Show that$$\left|\int_{a}^{b}f(x)dx\right|\leq \frac{1}{8}(b-a)^{2}\int_{a}^{b}\left|f''(x)\right|dx.$$
I try to use Taylor's Theorem with Integral form of the Remainder,then I have $$f(x)=f(\frac{a+b}{2})+f'(\frac{a+b}{2})(x-\frac{a+b}{2})+\int_{\frac{a+b}{2}}^{x}(x-t)f''(t)dt.$$ Since $f(\frac{a+b}{2})=\int_{a}^{b}f'(\frac{a+b}{2})(x-\frac{a+b}{2})dx=0, $ we get$\int_{a}^{b}f(x)dx=\int_{a}^{b}\left(\int_{\frac{a+b}{2}}^{x}(x-t)f''(t)dt\right)dx.$ I think the point of this problem is to prove: $$\left|\int_{a}^{b}\left(\int_{\frac{a+b}{2}}^{x}(x-t)f''(t)dt\right)dx\right|\leq\frac{1}{8}(b-a)^{2}\int_{a}^{b}\left|f''(x)\right|dx.$$The coeffient of $\frac{1}{8}$ is strange ,and how find it ?
Changing the order of integration, we obtain
\begin{align} \int_{\frac{a+b}{2}}^b \int_{\frac{a+b}{2}}^x (x-t)f''(t)\,dt\,dx &= \int_{\frac{a+b}{2}}^b \int_t^b (x-t)\,dx\, f''(t)\,dt\\ &= \int_{\frac{a+b}{2}}^b \frac{(b-t)^2}{2}f''(t)\,dt. \end{align}
Now we can take the absolute value to get
\begin{align} \biggl\lvert \int_{\frac{a+b}{2}}^b \int_{\frac{a+b}{2}}^x (x-t)f''(t)\,dt\,dx \biggr\rvert &\leqslant \int_{\frac{a+b}{2}}^b \frac{(b-t)^2}{2} \lvert f''(t)\rvert\,dt\\ &\leqslant \frac{(b-a)^2}{8} \int_{\frac{a+b}{2}}^b \lvert f''(t)\rvert\,dt, \end{align}
since $0 \leqslant b-t \leqslant b - \frac{a+b}{2} = \frac{b-a}{2}$ for $\frac{a+b}{2} \leqslant t \leqslant b$.

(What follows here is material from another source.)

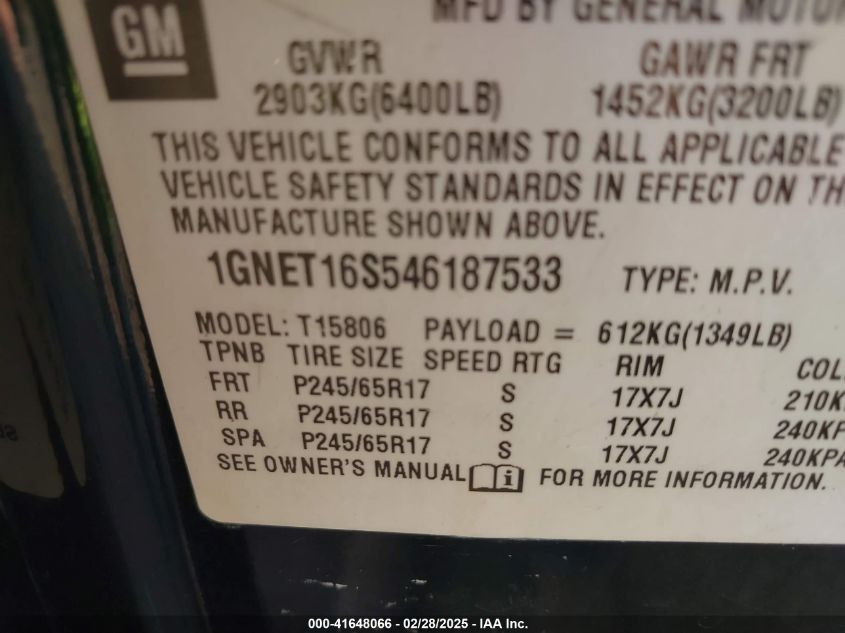 2004 Chevrolet Trailblazer Ext Lt VIN: 1GNET16S546187533 Lot: 41648066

The analogous estimate for the integral over the first half of the interval gives the desired conclusion
\begin{align} \biggl\lvert \int_{a}^b \int_{\frac{a+b}{2}}^x (x-t)f''(t)\,dt\,dx\biggr\rvert &\leqslant \biggl\lvert \int_{\frac{a+b}{2}}^b \int_{\frac{a+b}{2}}^x (x-t)f''(t)\,dt\,dx \biggr\rvert + \biggl\lvert \int_a^{\frac{a+b}{2}} \int_{\frac{a+b}{2}}^x (x-t)f''(t)\,dt\,dx \biggr\rvert\\ &\leqslant \frac{(b-a)^2}{8} \Biggl(\int_{\frac{a+b}{2}}^b \lvert f''(t)\rvert\,dt + \int_a^{\frac{a+b}{2}}\lvert f''(t)\rvert\,dt\Biggr). \end{align}